Editor’s note: Veteran Raleigh-based tech attorney Jim Verdonik, founder of Fire Pit Cell which is dedicated to exploring Freedom issues, and co-founder of Innovate Capital Law, discusses Elon Musk becoming Twitter’s largest stockholder and offer to take Twitter private.  This is the first of two parts. The second will focus on free speech issues and Big Tech. Verdonik has been actively involved over more than two decades in helping Triangle companies go public or be sold.


RALEIGH – The country is abuzz about Elon Musk’s move to take control of Twitter. An active Twitter user himself, Musk is now Twitter’s biggest shareholder. He recently turned down a Board seat, has made an offer to buy Twitter and take it private and has indicated his intention to sell if his buyout offer is rejected because Twitter isn’t a good investment unless it changes.

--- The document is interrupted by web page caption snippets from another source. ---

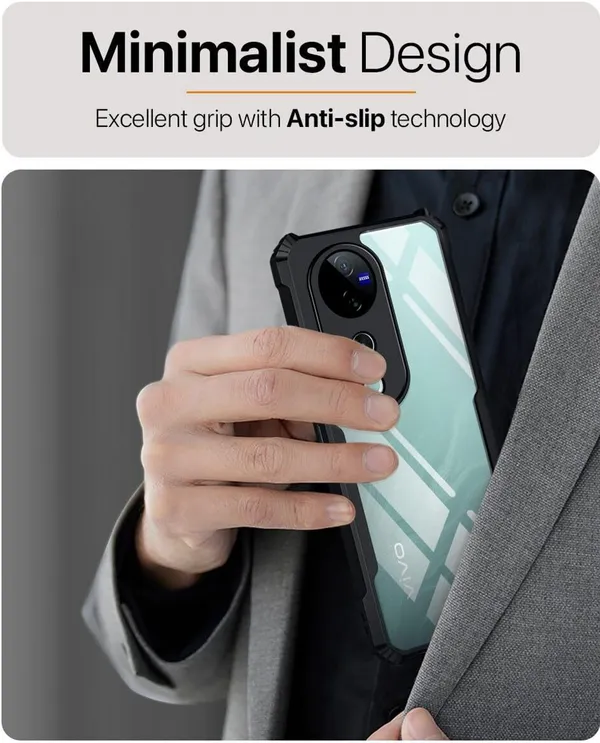 Back_Case_Cover_For_Vivo_V40_/_V40_Pro_/_T3_Ultra_5g_Slim_Anti_Yellow_Protective_Shock_Proof_Bumper_Hybrid_Pc_With_Tpu_Frame_Transparent_Clear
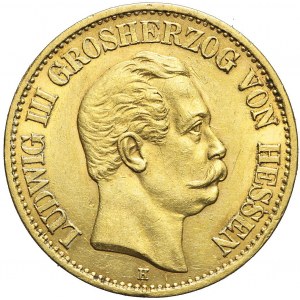 Niemcy, Hesja, 10 marek 1872 D, Ludwig III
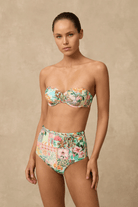 Monte & Lou Monte & Lou Simi High Waist Belted Retro Pant Monte & Lou Simi High Waist Belted Retro Pant Splash Swimwear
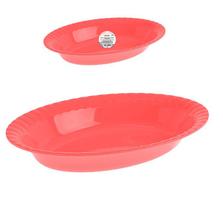 Travessa Red Oval de Melamina Havana Coral 30 cm Ø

With a political philosophy that tends toward libertarian and a fondness for old fashioned concepts that value a free marketplace of ideas, Musk is a nightmare for Twitter’s totalitarian management team that pulls the cancel trigger at the slightest variation from “Twitter Think.”

Let’s examine Elon Musk’s very public battle with Twitter in two contexts:

  • Tech media stock market factors that made Twitter the logical target
  • Free Speech Issues

It’s the Low Market Cap – Stupid

Suppose you want to own a business that dominates its market, but you don’t want to spend years developing the technology and building a customer base. You don’t want to pay too much. And you want to influence public opinion.

Jim Verdonik

What do you do?

  • You look for an underperforming public company.
  • Buy a controlling interest.
  • Fire the management team that has been chasing away users and opened the door to competition.
  • Improve the product.
  • Attract more users.
  • Make more money.
  • Open the platform you buy to all users who have diverse viewpoints

This seems to be the strategy Elon Musk is using in his very public battle with Twitter.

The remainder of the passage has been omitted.